# Do you wear makeup?



## free_sprtd (Oct 18, 2007)

ooooh I loooooooooooooove makeup! I refuse to wear cover up even for bad days, but I love playing with eyeshadow and liner. 

Mac is the best for shadow..but loose stuff is good too
I use Maybelline (sp?) full and soft waterproof mascara
I love blue, black, brown, green, or purple dark colors for liner (has to be soft)
and sephora blush! oooh i just discovered it a couple months ago and it is so wonderful!
then just lip gloss.

(off course its not all used at the same time...it's one color or the other)

I NEVER wore makeup until my sophmore year in hs, then I played with it, but now I can do 'grown up' makeup hehe


----------



## barnrat (Jan 1, 2007)

well...I really am a girl....So, uh....yeah. it shows.
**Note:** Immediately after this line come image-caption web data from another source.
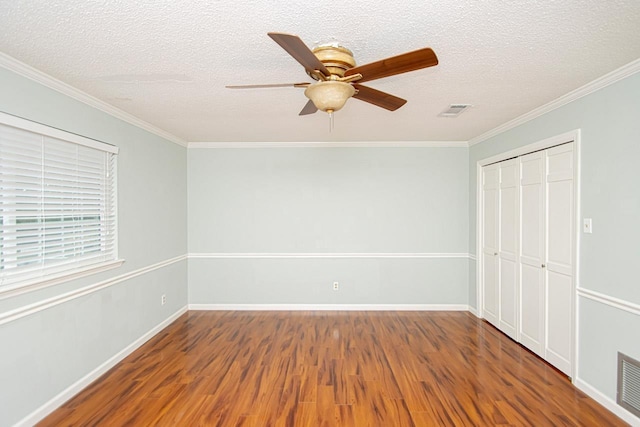 unfurnished bedroom featuring hardwood / wood-style flooring, ornamental molding, a closet, and a textured ceiling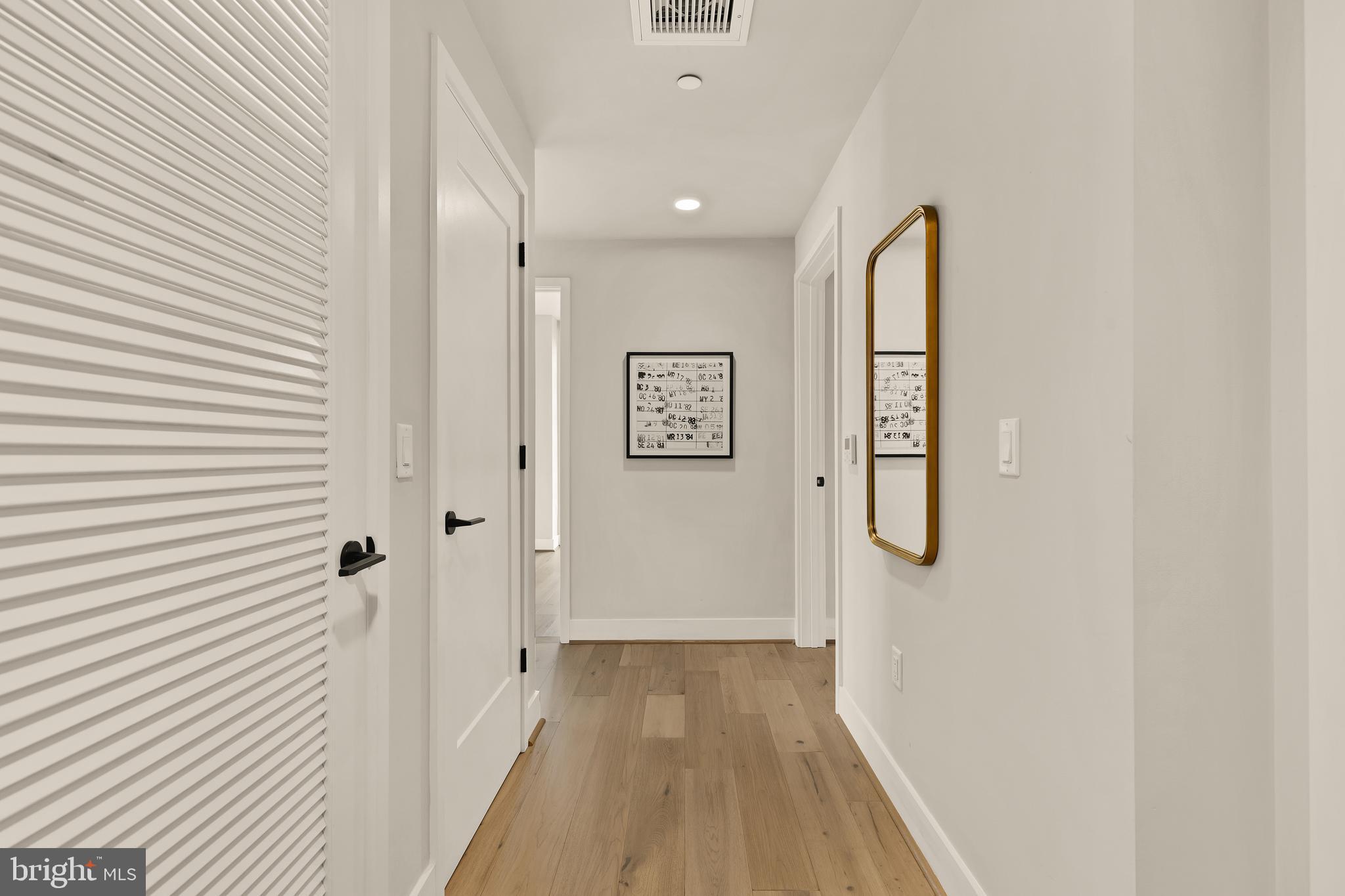 1300 4th Street Southeast, Unit 812 Washington, DC 20003 - Photo 27 of 40 a view of a hallway with wooden floor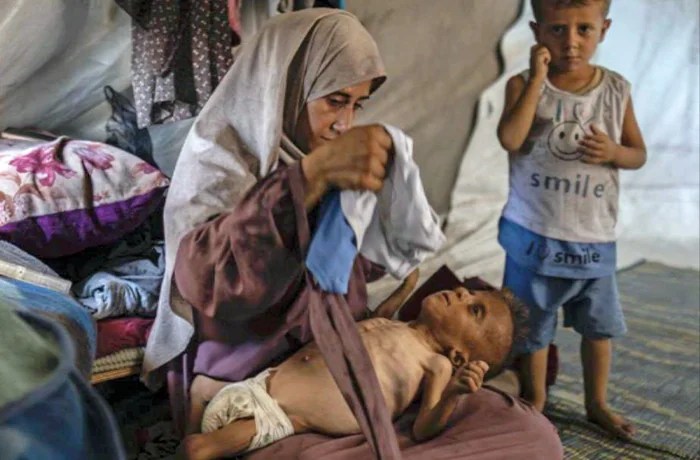 Mohammad al Motawaq with his mother and, right, brother, in one of several photographs of the 18-month-old released by Hamas in late July to reinforce claims that children in Gaza were starving. It later emerged that Mohammad was born with cerebral palsy.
Me with my boys and makeup...its not all horses....

I absolutly HAVE to wear this stuff....

Coverup-even when I'm not breaking out I have these light freckles.
foundation powder-put on bright red spots....
EYELINER-BLACK!! love my eyeliner, It makes my eyes, known, they come more out at you...prettier. 
Brown eyeshadow....

Except somedays-
wear dark brown eyeliner with this dark brown mascara with a highlighting layer of this LIGHT brown, really cool affect. 

Then I also wear the CG shade 430 (burgandy) of lip stick, wear it lightly, even take some off. then Some lip gloss above it to make my lips shine. 

haha, I love my makeup! AND I LOVE HAIR! 

my hair ALWAYS has to be perfect.


----------



## Grumman (Oct 18, 2007)

Yeah...... I totally were makeup.... No not really im a guy....


----------



## RockinTheBit07 (Jan 3, 2008)

haha yes i do wear some makeup when at school and work, but when i am just at teh barn no i try to stay natural.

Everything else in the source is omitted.